Il est important d'analyser ce phénomène et de tenter de le comprendre. On ne se rend pas toujours compte à quel point le projet souverainiste a dominé et domine toujours la vie politique québécoise, et même canadienne. Même si nous assistons, depuis des décennies, à l'affrontement de deux options constitutionnelles, il serait plus précis de décrire notre espace politique comme unipolaire. Depuis 30 ans, ce sont les stratégies souverainistes qui ont déterminé l'échéancier politique et imposé les paramètres du débat. Le plus souvent, les fédéralistes ont été confinés à un rôle réactif.

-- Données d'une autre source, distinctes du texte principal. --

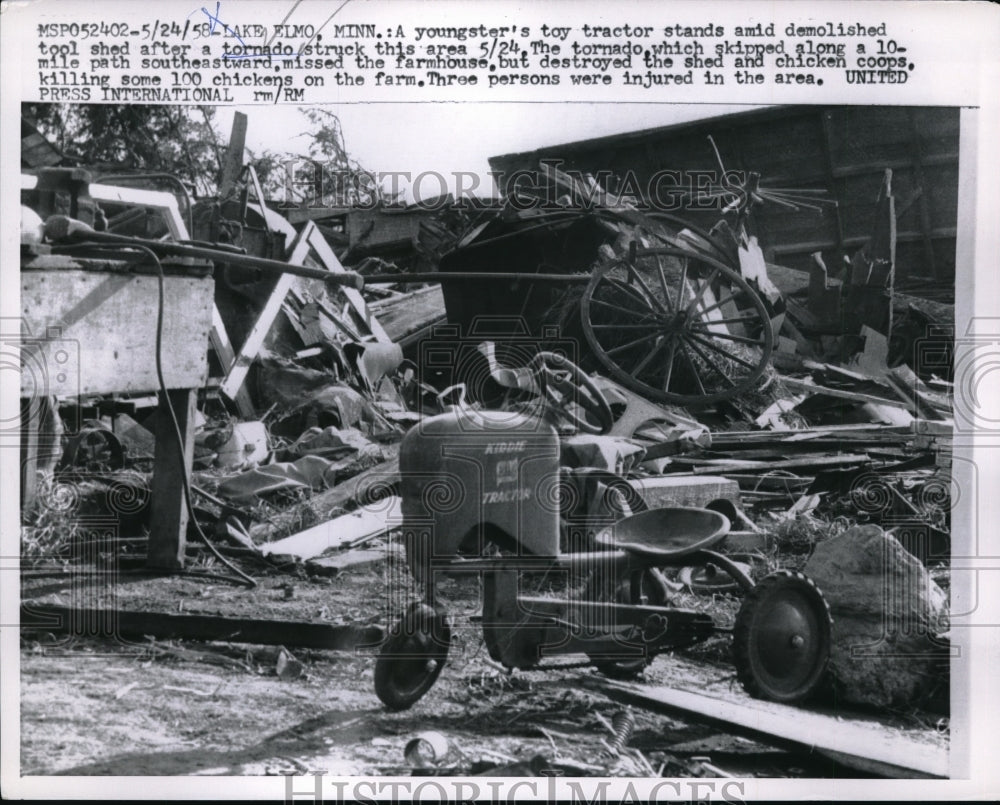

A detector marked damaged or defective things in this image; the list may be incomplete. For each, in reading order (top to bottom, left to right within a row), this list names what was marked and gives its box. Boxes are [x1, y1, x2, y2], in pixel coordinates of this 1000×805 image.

Il n'est donc pas étonnant que le plafonnement de l'appui à la souveraineté ne provoque pas un sentiment de vide seulement chez les souverainistes. C'est la structure même de la vie politique québécoise qui est remise en question, ce qui affecte tout autant les fédéralistes, qui se retrouvent en quelque sorte sans cause, sans adversaires et sans facteur de cohésion.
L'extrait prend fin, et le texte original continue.